::: INFORMATION SHOWN :::

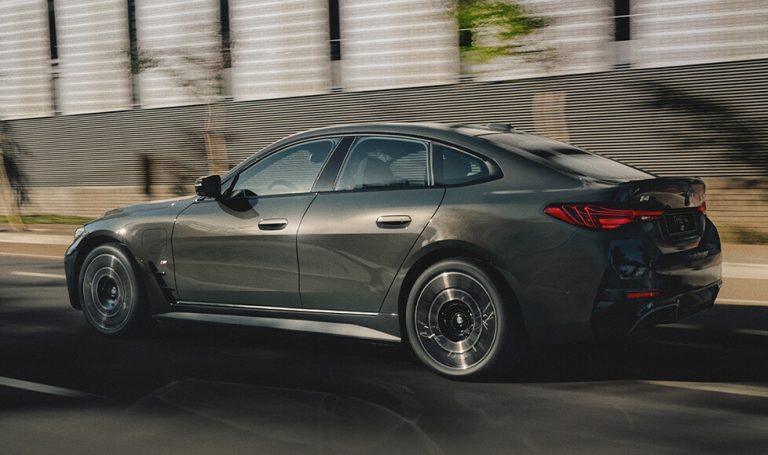 BMW i4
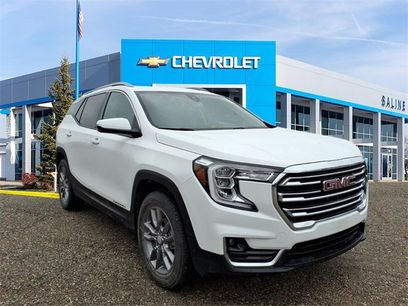 Used 2024 GMC Terrain SLT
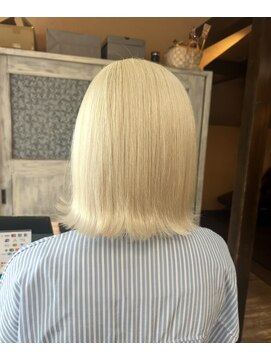 モアムー(Moremuu) 【りえ】ブロンドカラー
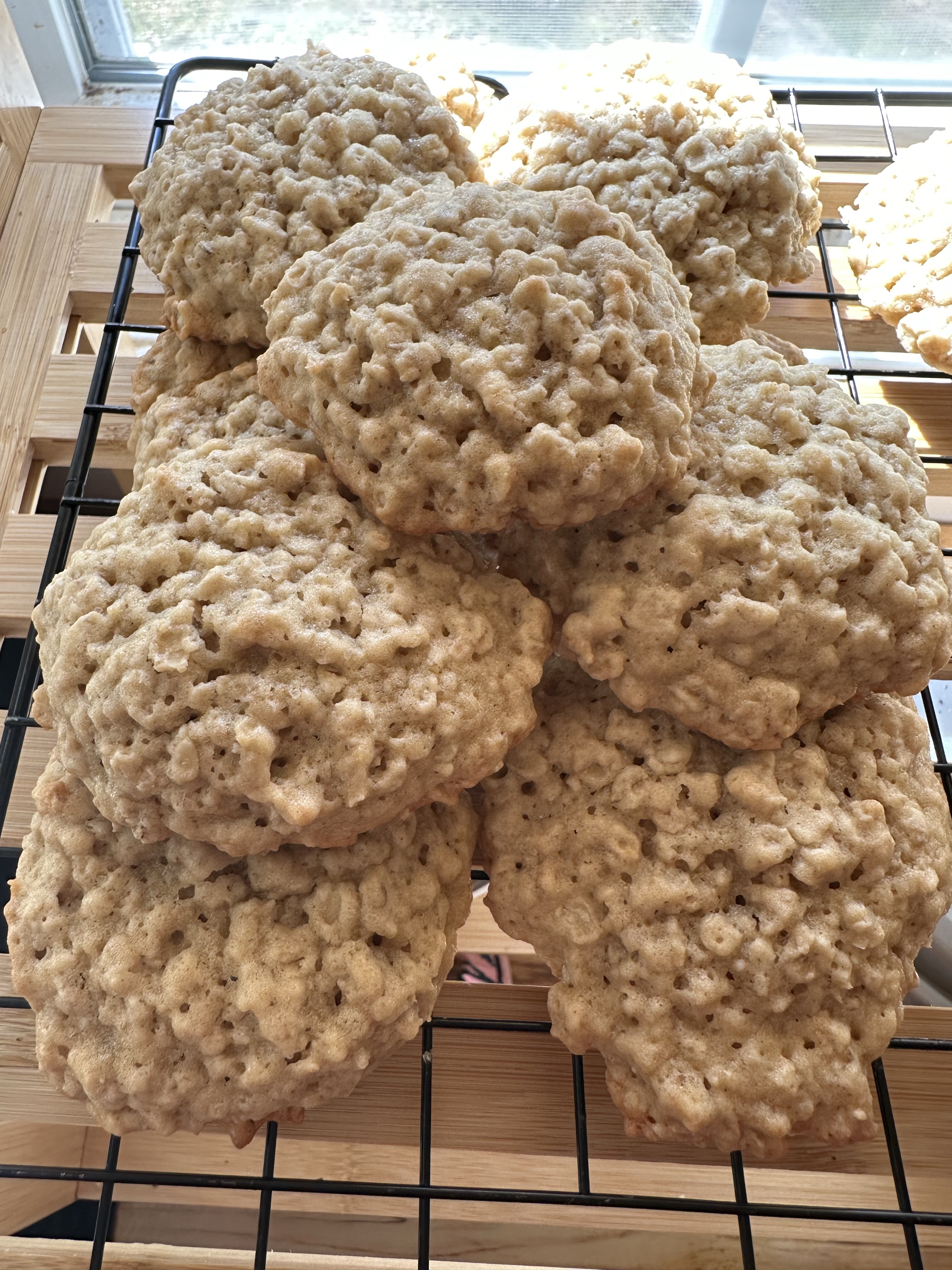 Aunt Lisa’s Oatmeal Cookies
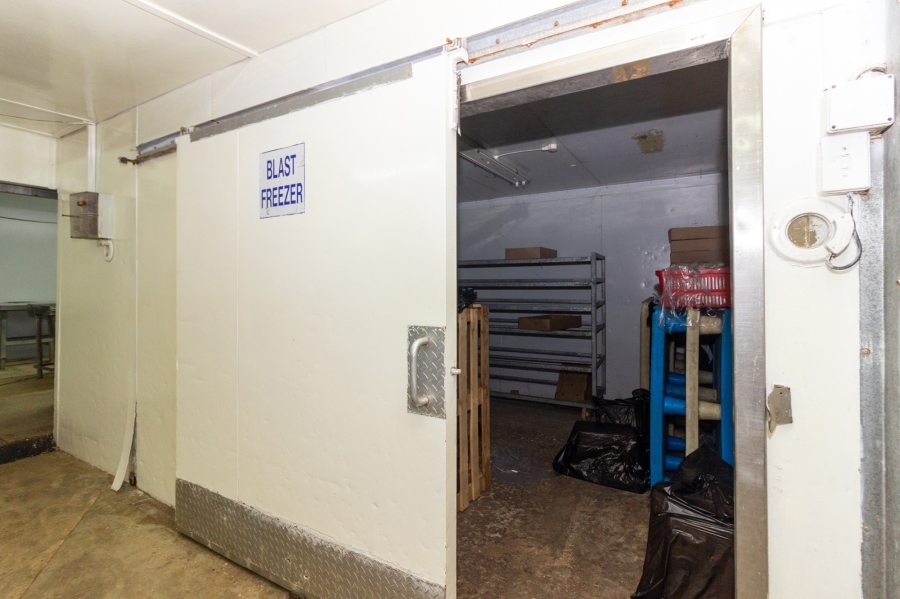 To Let commercial Property for Rent in Korsten Eastern Cape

:::

- _PROBLEM TO WORK ON_: Copy each record exactly. Leave any images out of the copy.

- _EXERCISE RESULT_:
 BMW i4
 Used 2024 GMC Terrain SLT
 モアムー(Moremuu) 【りえ】ブロンドカラー
 Aunt Lisa’s Oatmeal Cookies
 To Let commercial Property for Rent in Korsten Eastern Cape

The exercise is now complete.